### AIM OF THE EXERCISE
Exclude all images and print the entries below exactly.

#####

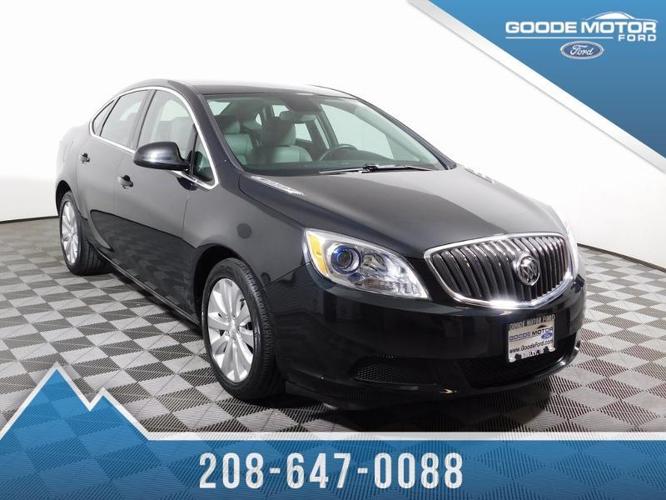 2015 buick verano base base 4dr sedan for sale in burley, idaho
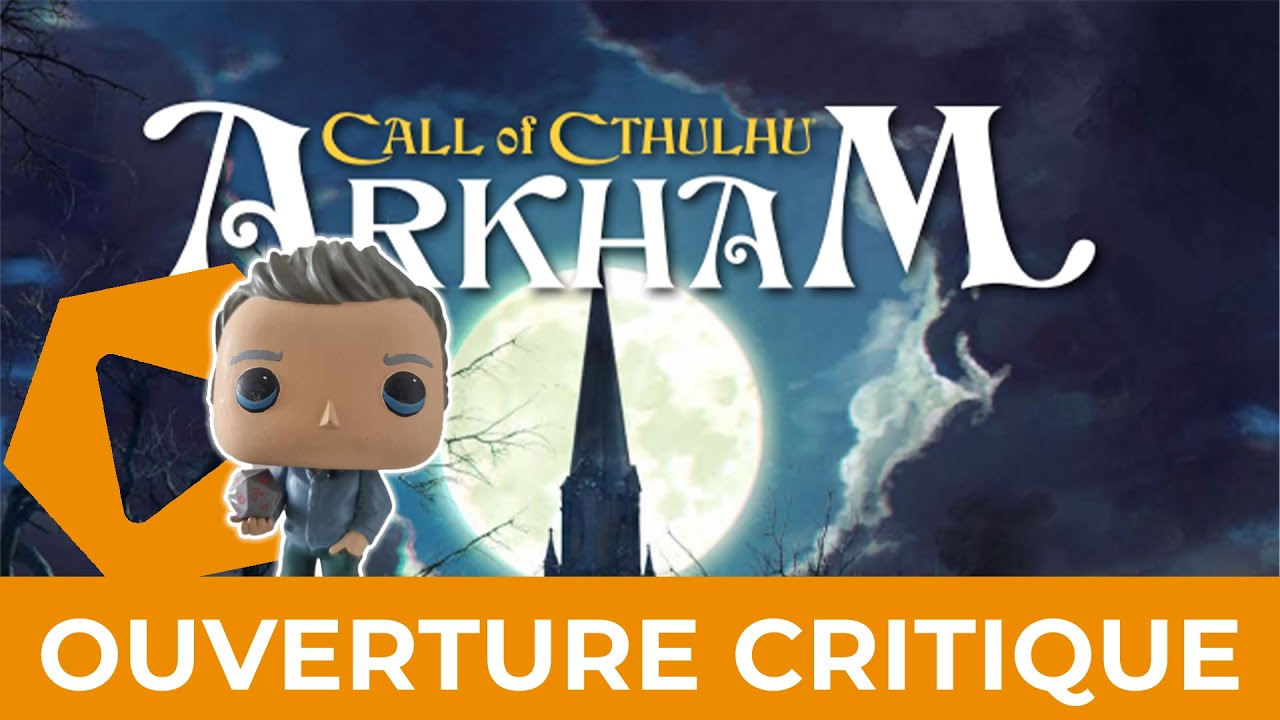 Il Richiamo di Cthulhu: Arkham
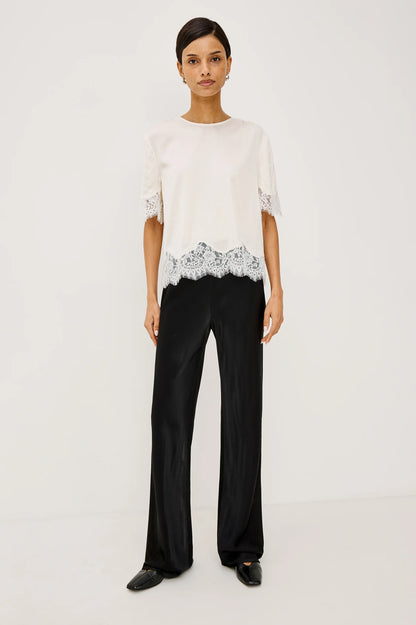 Ivory Sonora Top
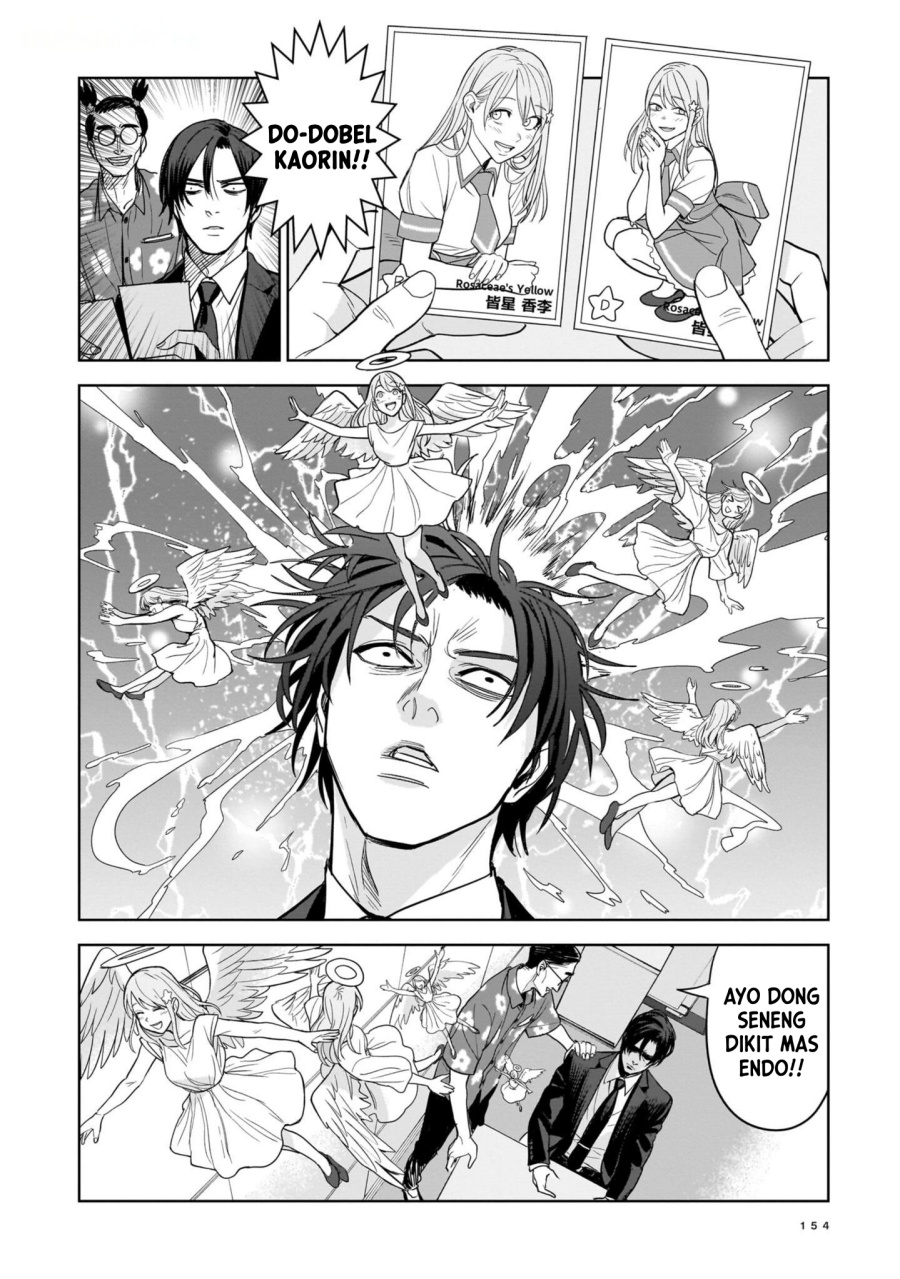 The Hitman Stans chapter 5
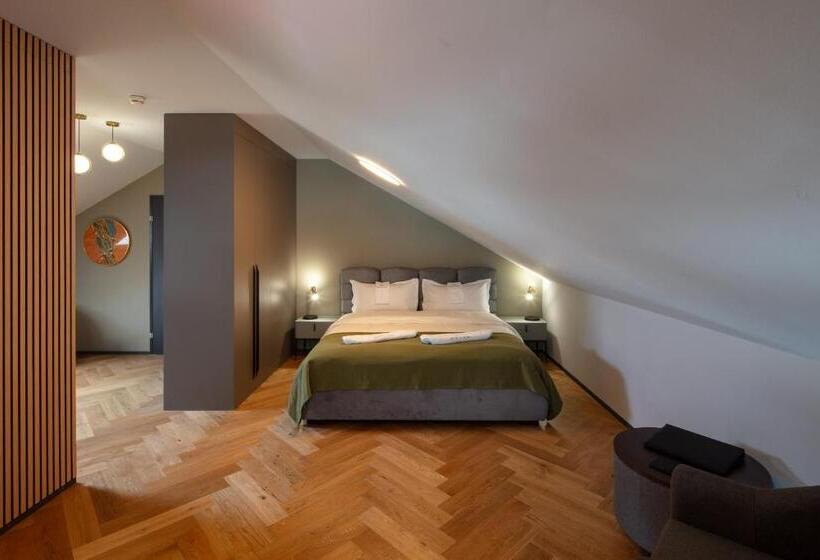 豪华套房, Berg & Berg Hotel Und Apartments   Kerns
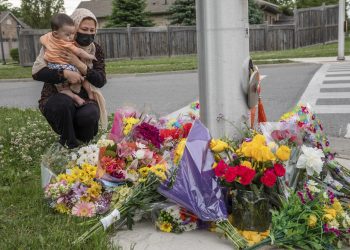 Belasungkawa Mengalir Setelah Serangan Teroris Anti-Muslim di Ontario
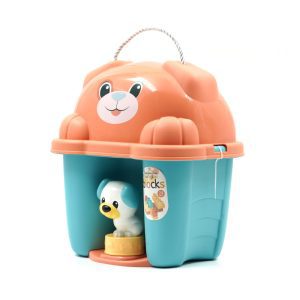 روانشناسی تربیت کودک 3 ساله: لگو خلاقانه کودک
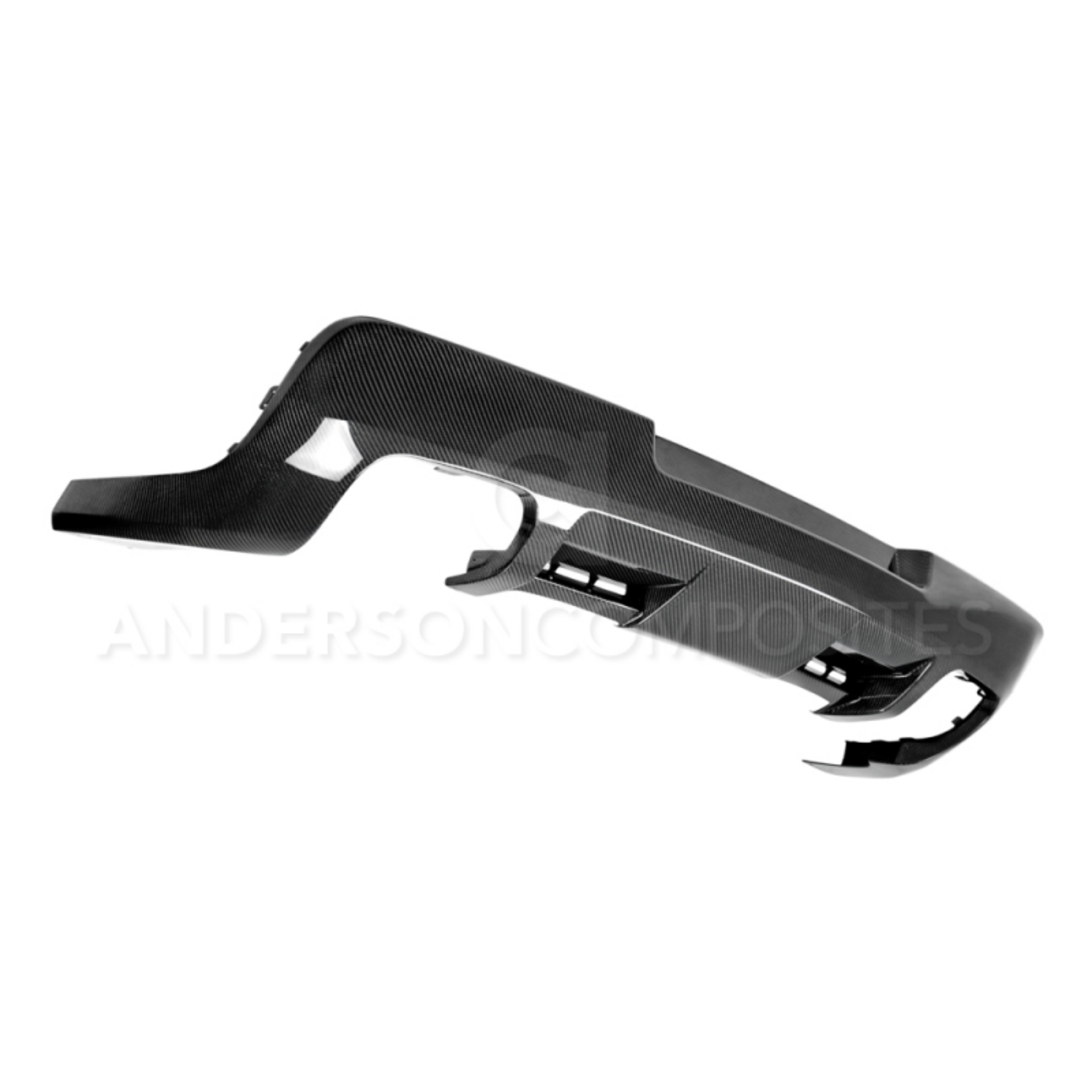 Picture of Anderson Composites 14-15 Chevrolet Camaro ZL1 Type-ZL Rear Valance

#####

### ANSWER BOX
 2015 buick verano base base 4dr sedan for sale in burley, idaho
 Il Richiamo di Cthulhu: Arkham
 Ivory Sonora Top
 The Hitman Stans chapter 5
 豪华套房, Berg & Berg Hotel Und Apartments   Kerns
 Belasungkawa Mengalir Setelah Serangan Teroris Anti-Muslim di Ontario
 روانشناسی تربیت کودک 3 ساله: لگو خلاقانه کودک
 Picture of Anderson Composites 14-15 Chevrolet Camaro ZL1 Type-ZL Rear Valance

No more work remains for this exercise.